* _COLLECTED MATERIAL_
# # # # # # #

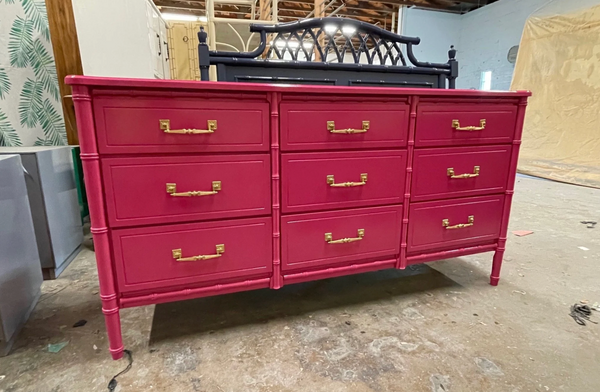 Vintage Bamboo Classic Nine Drawer Dresser Available for Custom Lacquer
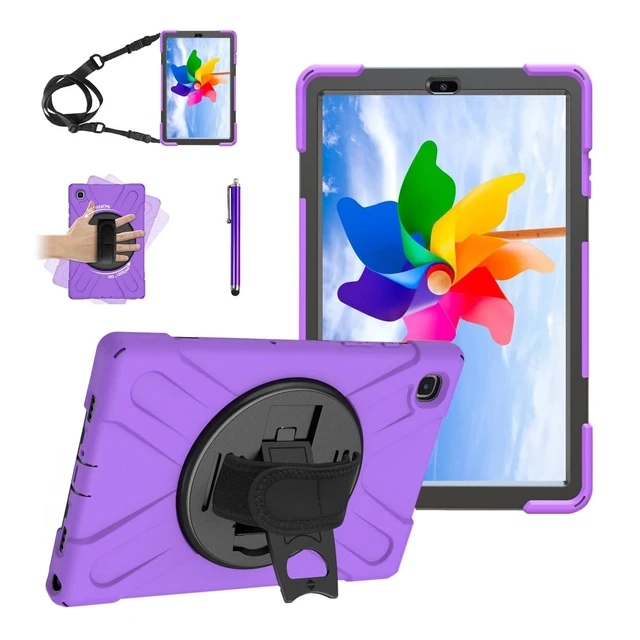 Alt view image 10 of 10 - Case for Samsung Galaxy Tab A 10.1 2019 (SM-T510/T515/T517),Portable Heavy Duty Dropproof Protective Cover Case with 360 Rotating Stand,Handle & Shoulder Strap,Stylus Pen (New Purple)
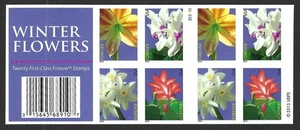 US 4865dvar WINTER FLOWERS IMPERFORATE BOOKLET OF 20 FROM PRESS SHEET MNH VF-XF - Picture 1 of 2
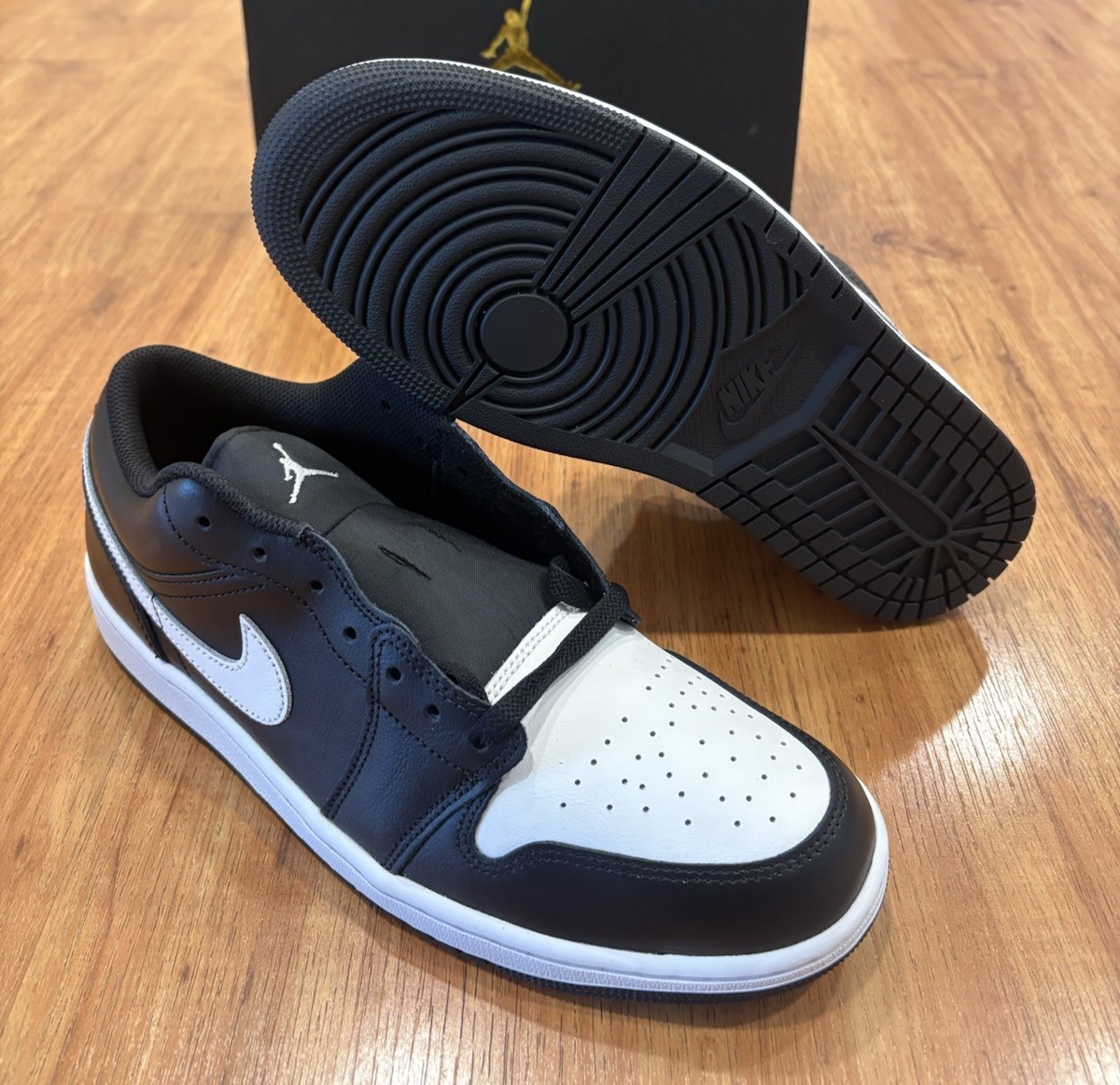 Nike Air Jordan 1 Low Shoes Orca White Black 553558-043 Men's 13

# # # # # # #

Write the lines out word for word, starting at the one with "US 4865dvar WINTER" and stopping after the last line of the material above, with pictures excluded.

 US 4865dvar WINTER FLOWERS IMPERFORATE BOOKLET OF 20 FROM PRESS SHEET MNH VF-XF - Picture 1 of 2
 Nike Air Jordan 1 Low Shoes Orca White Black 553558-043 Men's 13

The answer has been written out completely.